In his first trip abroad since taking office, Russian President Vladimir Putin vowed solidarity with Belarus, distancing himself from the West. Putin is to visit Berlin and Paris, where Syria is to top the agenda.

https://p.dw.com/p/1568h
Belarussian President Alexander Lukashenko (R) walks with his Russian counterpart Vladimir Putin at the national airport in Minsk May 31, 2012.
Image: Reuters

Russian President Vladimir Putin offered the former Soviet state of Belarus new loans and solidarity in the face of Western sanctions, during the first leg of a European tour that will also take him to Germany and France on Friday.

Belarus is currently battling one of its worst economic crises since it won independence from the former Soviet Union and has become reliant on Russian aid money to say afloat. Putin announced that Minsk would receive the third installment of a $3 billion (2.4 billion euro) loan from last year.

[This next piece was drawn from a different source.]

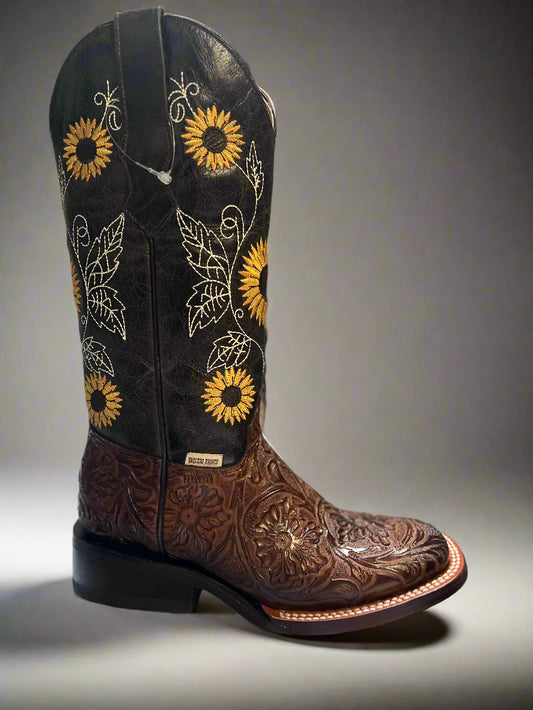 Vaquero Bronco Women's Sunflower Tooled Brown Leather Boots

Putin and Belarusian President Alexander Lukashenko also discussed plans to construct a nuclear power plant in the country, the first since the 1986 Chernobyl accident in neighboring Ukraine.

"The very fact that my first foreign visit to brotherly Belarus certainly reflects the special nature of our relationship," Putin said. The Russian president skipped the Group of Eight (G8) summit in the United States last May, sending Prime Minister Dmitry Medvedev instead.

Belarus, dubbed by Washington as "the last dictatorship in Europe," currently faces EU and US sanctions for Lukashenko's crackdown on anti-government protesters. The EU withdrew its ambassadors from Minsk in February over human rights abuses.

Moscow and Minsk have formed what they call a Union State and are also constructing a common economic area with the Central Asian nation of Kazakhstan.

"Russia and Belarus will coordinate our efforts to counter attempts to interfere in the international affairs of the Union State and apply pressure through restrictive measures and sanctions," Putin and Lukashenko said in a joint release on Thursday.

Berlin, Paris talks

Putin is set to move on to Berlin and Paris on Friday, where he will hold bilateral talks with German Chancellor Angela Merkel and French President Francois Hollande. Syria is likely to be high on the agenda, with calls for taking a tougher stance against President Bashar al-Assad after the massacre of 108 people in the city of Houla last week.

Although German Foreign Minister Guido Westerwelle wrote in the daily Die Welt that there was no reason to speculate about military intervention at this point, President Hollande said on French television that military action was possible if there was a UN mandate.

China and Russia have twice vetoed UN resolutions that would have condemned the Assad regime. Russian Foreign Minister Sergei Lavrov has said that Moscow supports UN-Arab League envoy Kofi Annan's peace plan, not the Assad regime.

"I will talk about it (Syria) with President Putin when he comes to Paris on Friday," Hollande said. "He, along with China, has been the most reluctant on the questions of sanctions."

"And we must convince them that it is not possible to allow the Assad regime to massacre its own people," the French president added.